**WORK INSTRUCTION**
Determine how many lines in the material below contain the string "color", then state only that count.

**STORED DATA**

[Start of Attachment]

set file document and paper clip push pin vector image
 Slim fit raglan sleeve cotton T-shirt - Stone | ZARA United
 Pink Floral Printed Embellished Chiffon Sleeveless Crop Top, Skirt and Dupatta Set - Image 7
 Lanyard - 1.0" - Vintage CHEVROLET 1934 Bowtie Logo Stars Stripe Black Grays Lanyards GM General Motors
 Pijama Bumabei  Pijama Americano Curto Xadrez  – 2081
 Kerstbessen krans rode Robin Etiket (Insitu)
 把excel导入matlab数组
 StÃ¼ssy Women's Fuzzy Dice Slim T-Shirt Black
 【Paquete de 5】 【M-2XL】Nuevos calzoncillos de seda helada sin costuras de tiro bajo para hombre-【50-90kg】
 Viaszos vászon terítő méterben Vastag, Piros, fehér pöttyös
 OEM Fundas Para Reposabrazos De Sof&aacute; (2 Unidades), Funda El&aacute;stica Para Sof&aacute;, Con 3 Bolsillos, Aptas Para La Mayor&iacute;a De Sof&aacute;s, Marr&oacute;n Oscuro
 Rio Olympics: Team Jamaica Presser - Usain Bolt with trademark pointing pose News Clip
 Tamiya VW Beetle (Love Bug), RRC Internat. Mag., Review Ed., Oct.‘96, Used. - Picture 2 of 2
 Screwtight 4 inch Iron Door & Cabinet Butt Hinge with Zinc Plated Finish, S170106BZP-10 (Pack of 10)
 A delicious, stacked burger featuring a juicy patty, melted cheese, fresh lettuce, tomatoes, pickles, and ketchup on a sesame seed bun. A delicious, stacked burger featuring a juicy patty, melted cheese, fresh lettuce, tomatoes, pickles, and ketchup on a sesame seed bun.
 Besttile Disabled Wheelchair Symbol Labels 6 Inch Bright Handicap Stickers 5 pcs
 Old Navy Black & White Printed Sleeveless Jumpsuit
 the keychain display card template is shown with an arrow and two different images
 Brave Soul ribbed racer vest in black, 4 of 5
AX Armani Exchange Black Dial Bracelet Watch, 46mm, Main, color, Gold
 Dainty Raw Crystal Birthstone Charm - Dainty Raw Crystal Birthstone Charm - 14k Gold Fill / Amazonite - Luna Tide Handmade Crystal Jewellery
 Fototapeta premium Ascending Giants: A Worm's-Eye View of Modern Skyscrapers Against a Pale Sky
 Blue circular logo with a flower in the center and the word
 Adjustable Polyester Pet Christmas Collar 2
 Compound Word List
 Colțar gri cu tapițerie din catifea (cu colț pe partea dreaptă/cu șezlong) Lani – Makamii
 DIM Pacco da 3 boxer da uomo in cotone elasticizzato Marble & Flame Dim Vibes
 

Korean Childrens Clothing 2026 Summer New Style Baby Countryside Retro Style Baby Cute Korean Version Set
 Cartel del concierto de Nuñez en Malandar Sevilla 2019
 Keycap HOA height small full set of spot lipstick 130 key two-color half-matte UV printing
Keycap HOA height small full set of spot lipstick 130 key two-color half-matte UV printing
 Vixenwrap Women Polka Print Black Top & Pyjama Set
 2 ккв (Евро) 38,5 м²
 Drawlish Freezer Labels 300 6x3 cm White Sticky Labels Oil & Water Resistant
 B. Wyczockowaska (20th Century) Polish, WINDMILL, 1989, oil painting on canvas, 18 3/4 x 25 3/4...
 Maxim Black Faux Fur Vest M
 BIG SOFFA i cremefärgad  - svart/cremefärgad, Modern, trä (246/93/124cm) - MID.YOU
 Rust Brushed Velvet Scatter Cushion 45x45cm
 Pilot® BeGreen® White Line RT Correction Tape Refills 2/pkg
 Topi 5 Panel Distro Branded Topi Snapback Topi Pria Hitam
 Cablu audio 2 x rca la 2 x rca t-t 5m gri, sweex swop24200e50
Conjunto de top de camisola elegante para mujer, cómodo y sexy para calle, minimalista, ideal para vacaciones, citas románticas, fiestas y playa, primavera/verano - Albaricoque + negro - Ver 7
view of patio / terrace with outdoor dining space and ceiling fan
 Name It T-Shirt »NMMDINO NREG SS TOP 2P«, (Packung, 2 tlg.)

[End of Attachment]

**WRITTEN REPLY**
3